I am having a weird issue where I change the location of all my code & data to a different location with more disk space, then I soft link my projects & data to those locations with more space. I assume there must be some file handle issue because wandb's logger is throwing me issues. So my questions:
- how do I have wandb only log online and not locally? (e.g. stop trying to log anything to
./wandb
[or any secret place it might be logging to] since it's creating issues). Note my code was running fine after I stopped logging to wandb so I assume that was the issue. note that thedir=None
is the default to wandb's param. - how do I resolve this issue entirely so that it works seemlessly with all my projects softlinked somewhere else?
More details on the error
Traceback (most recent call last):
File "/home/miranda9/miniconda3/envs/metalearning_gpu/lib/python3.9/logging/__init__.py", line 1087, in emit
self.flush()
File "/home/miranda9/miniconda3/envs/metalearning_gpu/lib/python3.9/logging/__init__.py", line 1067, in flush
self.stream.flush()
OSError: [Errno 116] Stale file handle
Call stack:
File "/home/miranda9/miniconda3/envs/metalearning_gpu/lib/python3.9/threading.py", line 930, in _bootstrap
self._bootstrap_inner()
File "/home/miranda9/miniconda3/envs/metalearning_gpu/lib/python3.9/threading.py", line 973, in _bootstrap_inner
self.run()
File "/home/miranda9/miniconda3/envs/metalearning_gpu/lib/python3.9/site-packages/wandb/vendor/watchdog/observers/api.py", line 199, in run
self.dispatch_events(self.event_queue, self.timeout)

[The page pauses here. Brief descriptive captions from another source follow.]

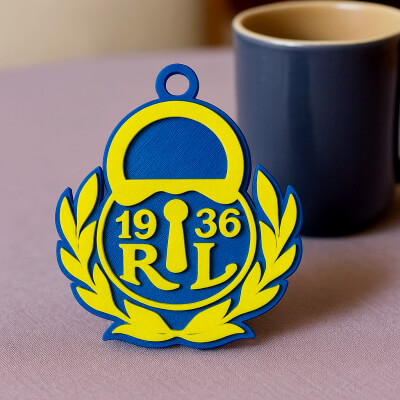 Liiga Rauman Lukko Keychain Badge Color Printable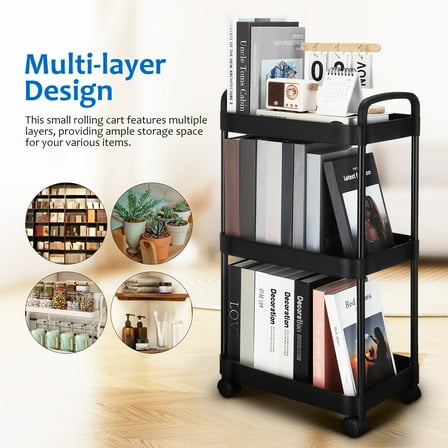 Rolling Cart,3-Tier Roller Book Snack Cart with Wheels, Utility Storage Organizer Carts（Black-28.3x14.7x10.2in）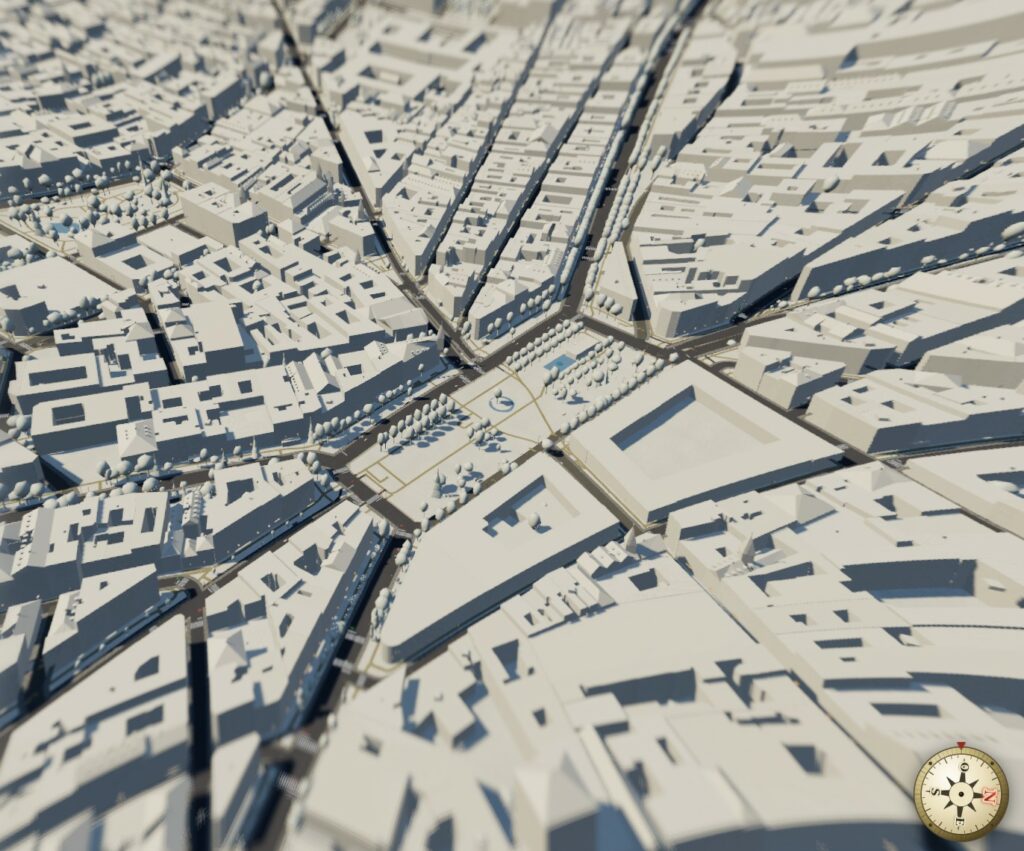Rendu maquette d'un centre-ville dense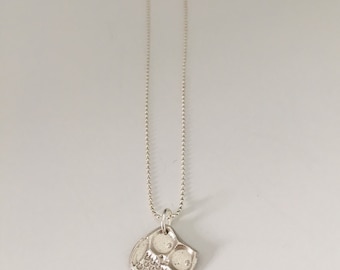 Small owl, pendant necklace, fine silver with sterling silver chain
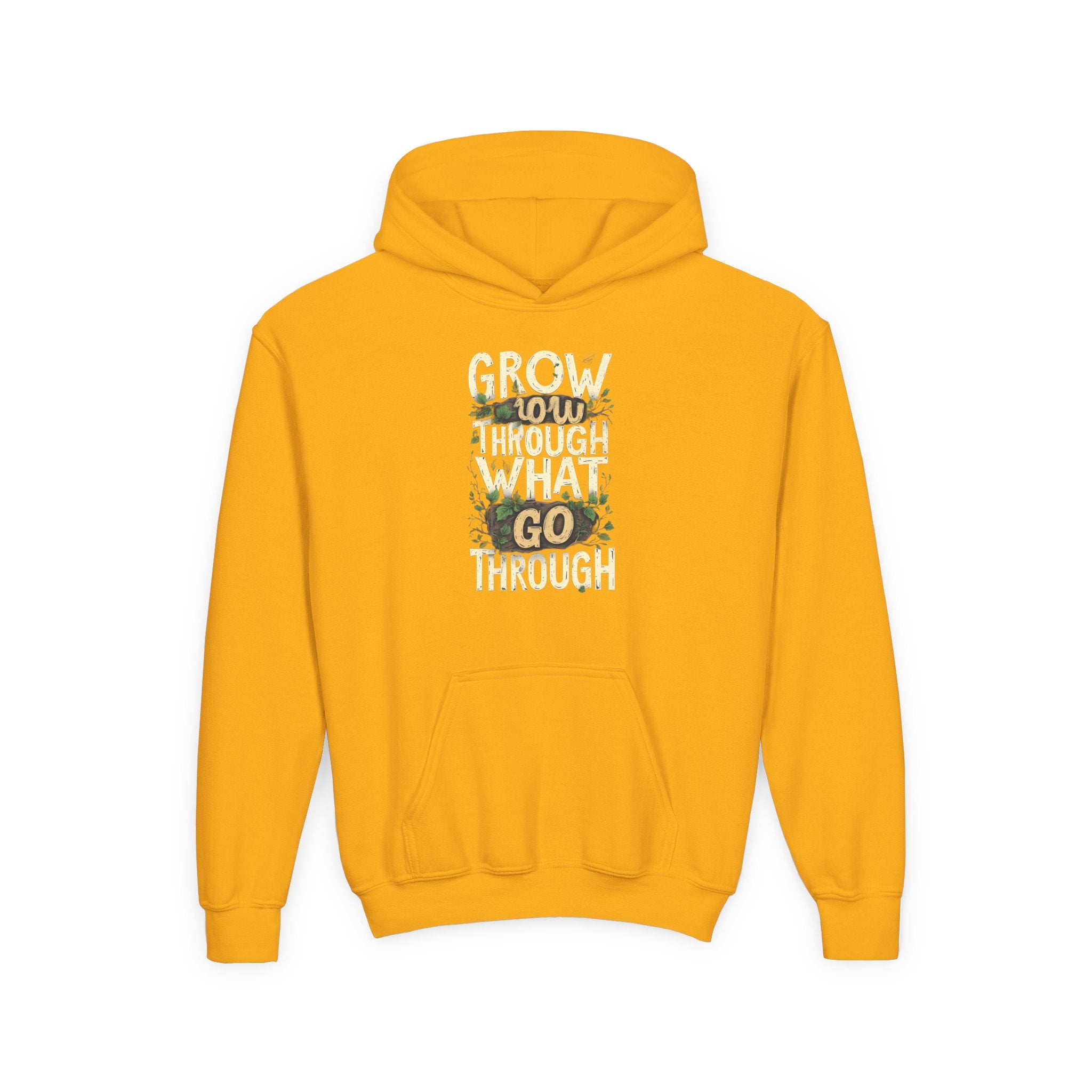 Youth Hoodie — 'Grow Slow, Go Through' Floral Motivational Hooded Sweatshirt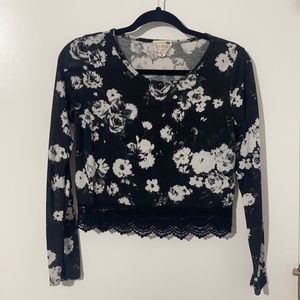 L.A. Hearts cropped long sleeve shirt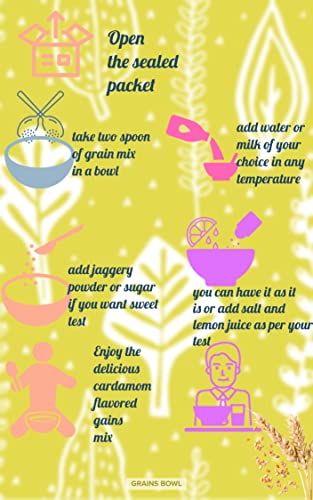 grains Bowl Hand Roasted multi grains health mix powder for Kids and Adults (NO COOKING NEEDED) Roasted Cereals & Pulses Powder, Chatua, Sathu maavu, Porridge Mix (Cardamom/Elaichi Flavour, 1 kg)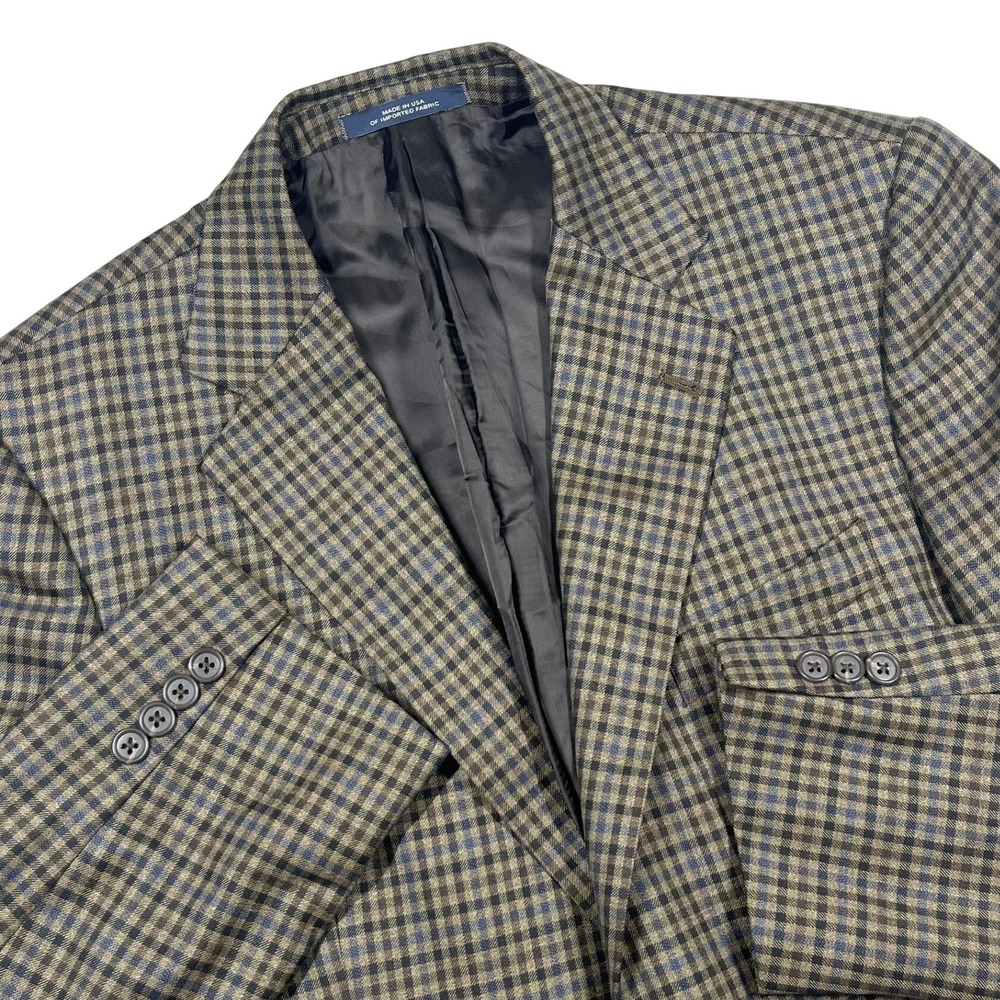 Joseph Abboud Wool Check Blazer Mens 40S Brown Blue Sport Coat Made in USA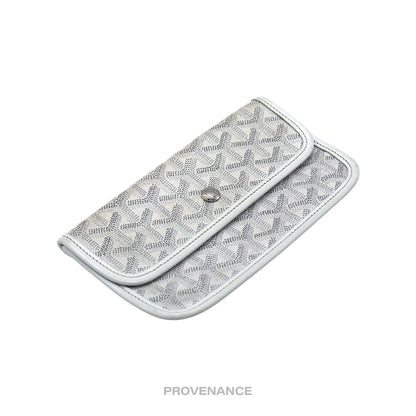 🔴 Goyard St. Louis Pouch Wallet - White Goyardine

File "/home/miranda9/miniconda3/envs/metalearning_gpu/lib/python3.9/site-packages/wandb/vendor/watchdog/observers/api.py", line 368, in dispatch_events
handler.dispatch(event)
File "/home/miranda9/miniconda3/envs/metalearning_gpu/lib/python3.9/site-packages/wandb/vendor/watchdog/events.py", line 454, in dispatch
_method_map[event_type](event)
File "/home/miranda9/miniconda3/envs/metalearning_gpu/lib/python3.9/site-packages/wandb/filesync/dir_watcher.py", line 275, in _on_file_created
logger.info("file/dir created: %s", event.src_path)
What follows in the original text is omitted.